神林:色々と他にも候補はあったんですね。そこから数年して、書店勤務へ移ったきっかけはあったんですか?
木田:入った編集プロダクションが潰れそうになったからです。近所の本屋さんが募集をしていて、興味があったので今度は書店に勤めました。
出版業界から、林業の世界へ。現在の活動の起点とは。
神林:編集プロダクションから書店はなんとなくわかるのですが、そこから、また全然違う業界である林業の世界に入るきっかけが気になります。

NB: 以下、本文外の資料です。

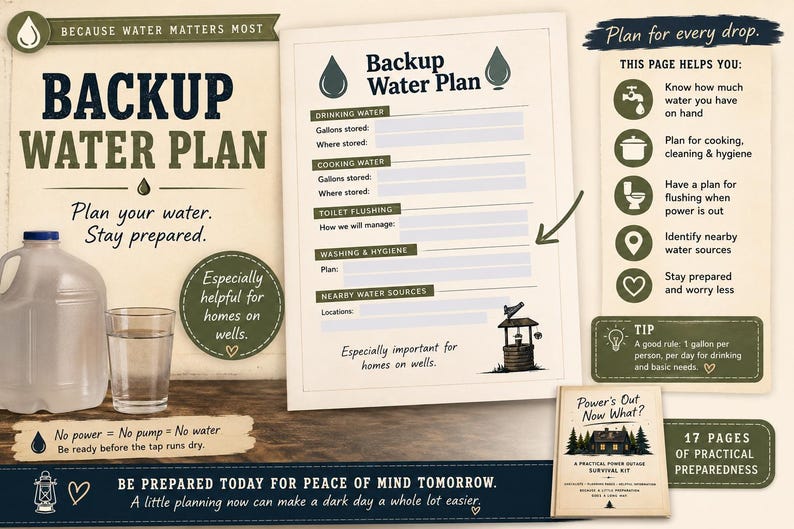 Pu&ograve; includere: Un documento stampabile di piano di riserva idrica con sezioni per lo stoccaggio di acqua potabile, per cucinare, per lo scarico del WC e per l'igiene. Include una tanica di plastica, un bicchiere d'acqua e un libretto Power's Out Now What?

木田:本は好きだけど、雇われの身だと好きな本だけを扱うわけにもいかない。楽しみきれないと感じていた中で「長く1つのものを追いかけたい」と感じていました。そんな時に、ふと雑誌の山の仕事の特集で、30代で林業に転職した人を紹介する記事を見ました。そこで初めて「林業」の存在を知ったんです。
林業へ足を踏み入れる第一歩は、前職の出版と関係する「雑誌」だった。誌面で知った「林業の実態」は、従来思っていたものとはギャップがあったという。
出版業界から、林業の世界へ。現在の活動の起点とは。
木田:読み進めていくと、良い意味で、イメージと違いました。雑誌フューチャーされていた30代の人を見てまず「若い人もやるんだ!」と驚いたのと同時に、「林業って、転職して入る世界なの?」と。そこからさらに、使うギア(道具)にもギャップを感じました。斧やのこぎりなども使うんですが、チェーンソーや小型の※ウインチなど、機械がたくさん使われていたんです。当然、機械の整備もあって…。実はそれ、苦手なんです。
※ワイヤーやロープを使う「巻き上げ機」のこと。林業では主に、木を寄せ集めたり、引っ張り上げるために使用する
神林:確かに、私もイメージは斧やのこぎりでした。でも、イメージとのギャップだけでは、これまで未知だった林業の世界に入る動機にはなかなかならなそうと思ったのですが…
木田:もちろん、それだけではありません。さらに詳しく見てみると、林業を行う人の人口が減っている事実を知りました。しかも、それによって、綺麗に手入れされた山が減っている。昔から、山に囲まれた田舎の景色が好きだったのに、このままでは「好きなものがなくなるかもしれない」と思い、寂しくなったと同時に「役立ちたい、守りたい」と思いましたね。
「自分のスキ」を守りたい。その気持ちから、林業への転職を決意。それ以外にも、出版業界ではできなかった、外で食べるご飯や昼寝、夕方で仕事を終えるという「働き方」の観点からも、魅力を感じたと語る。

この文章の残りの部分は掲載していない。